New Delhi, Aug. 13: The Supreme Court today dismissed RJD chief Lalu Prasad’s plea to replace the fodder scam judge, saying it couldn’t be “presumed” he would be biased merely because he was related to a leader of Bihar’s ruling Janata Dal (United).
The judgment comes at a time the court recently barred convicted persons and also those in custody from contesting elections.
The court had also ruled that convicted MPs and MLAs couldn’t continue in office by filing an appeal within three months, prompting the Centre to seek a review yesterday.
Lalu Prasad, who is an MP, will now have to wait for special CBI judge P.K. Singh’s verdict. If convicted, the former Bihar chief minister could be disqualified from contesting for six years under the Representation of People Act.

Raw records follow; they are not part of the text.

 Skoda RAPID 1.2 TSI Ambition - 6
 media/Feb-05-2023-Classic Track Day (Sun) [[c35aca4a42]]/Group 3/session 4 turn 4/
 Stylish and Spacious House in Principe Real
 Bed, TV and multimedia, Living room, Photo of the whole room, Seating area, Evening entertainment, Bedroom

In his plea, Lalu Prasad had said the judge’s sister, Minu Devi, was married to a cousin of P.K. Shahi, a minister in the JD(U) cabinet led by Nitish Kumar.
Nitish had even been photographed with the judge’s sister, Lalu Prasad’s plea said, arguing that this was proof of the judge’s proximity to the JD(U) top brass.

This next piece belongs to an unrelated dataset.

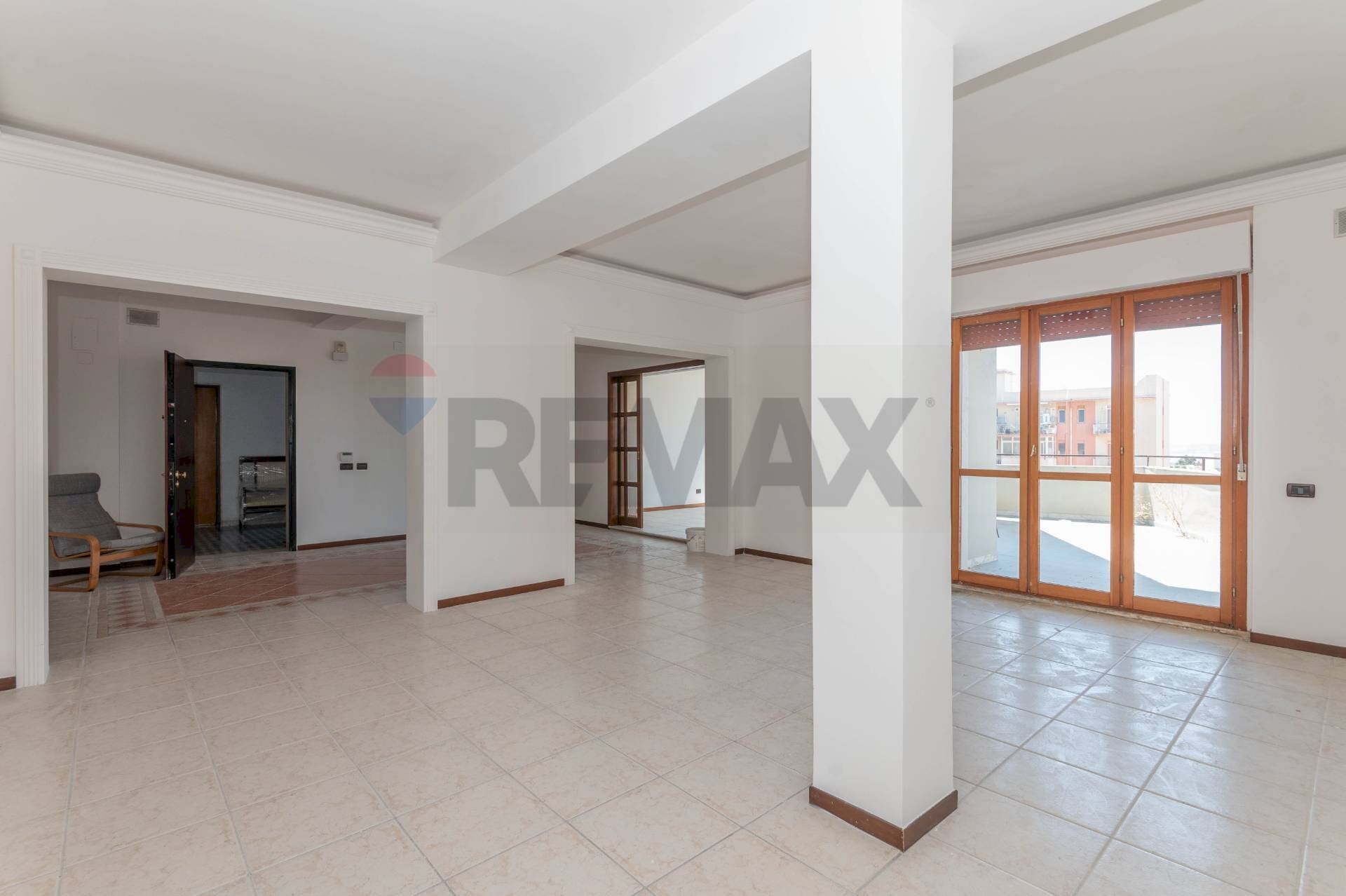 Stanza vuota - Appartamento via di villa Ortisi
 
26, Siracusa - foto 1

But the bench of Chief Justice P. Sathasivam and Justices Ranjana Prakash Desai and Ranjan Gogoi said that just because a distant relative of the judge had been seen in the company of the chief minister, it couldn’t be concluded that the judge would be biased against Lalu.
Merely because some relation of the judge was photographed near the chief minister, “it cannot be presumed that the presiding judge would conclude against the appellant”, Chief Justice Sathasivam, writing the judgment for the bench, said.
The court said the procedure adopted by the special judge couldn’t be faulted with “except (on) one aspect”, that the judge had compelled the parties involved in the case to file written arguments by a certain date — July 1, 2013 — and announced when the judgment would be pronounced (July 15). Courts never announce the judgment date before concluding arguments.
Such an abrupt notice was “not in consonance” with the Criminal Procedure Code, particularly when the case being tried has been pending since 1997, the bench said. But except this, “the conduct of the judge cannot be faulted with”.
The bench granted 20 more days for completion of arguments and directed the special judge to pronounce his verdict “as early as possible”.
The court also said the same judge has been hearing trial proceedings from November 2011 and Lalu Prasad could have raised his objections then, not on the eve of the pronouncement of the judgment.
The RJD leader had approached Jharkhand High Court before moving the apex court in the second week of July.